[Data supplied — start]

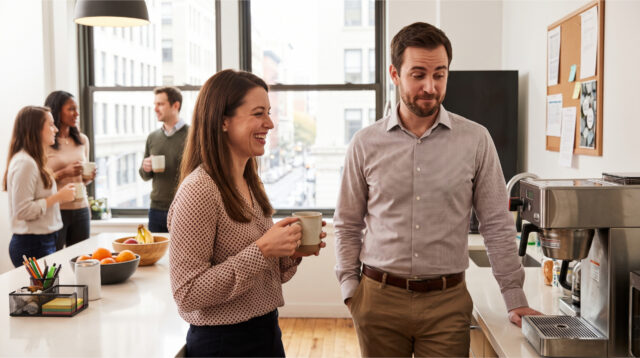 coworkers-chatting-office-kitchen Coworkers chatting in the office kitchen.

[Data supplied — finish]
[Data supplied — start]

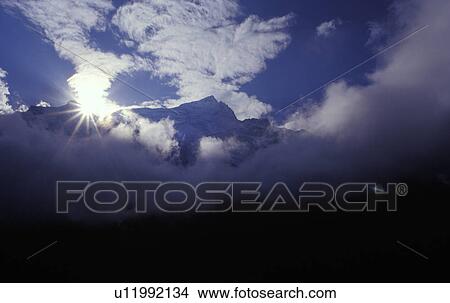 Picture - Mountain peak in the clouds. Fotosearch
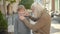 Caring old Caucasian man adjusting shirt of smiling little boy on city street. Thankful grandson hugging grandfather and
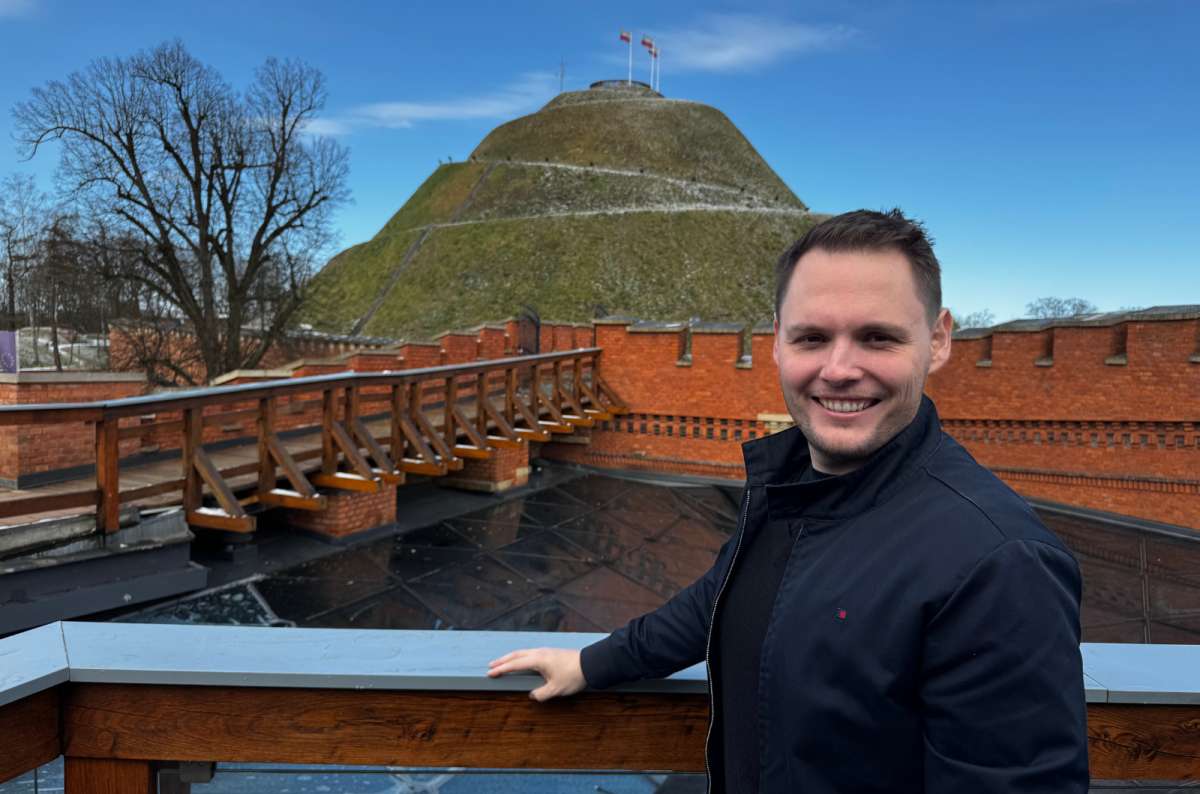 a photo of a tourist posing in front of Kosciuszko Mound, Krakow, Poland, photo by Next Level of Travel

[Data supplied — finish]
[Data supplied — start]

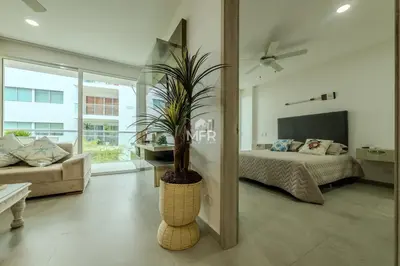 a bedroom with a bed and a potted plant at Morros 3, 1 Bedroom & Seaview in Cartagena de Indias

[Data supplied — finish]

▶ [Exercise aim] When you reach the line with "Caring old Caucasian" in the records above, begin repeating the lines exactly, and stop after the line with "a photo of a". Skip all pictures.

▶ [Exercise answer]
 Caring old Caucasian man adjusting shirt of smiling little boy on city street. Thankful grandson hugging grandfather and
 a photo of a tourist posing in front of Kosciuszko Mound, Krakow, Poland, photo by Next Level of Travel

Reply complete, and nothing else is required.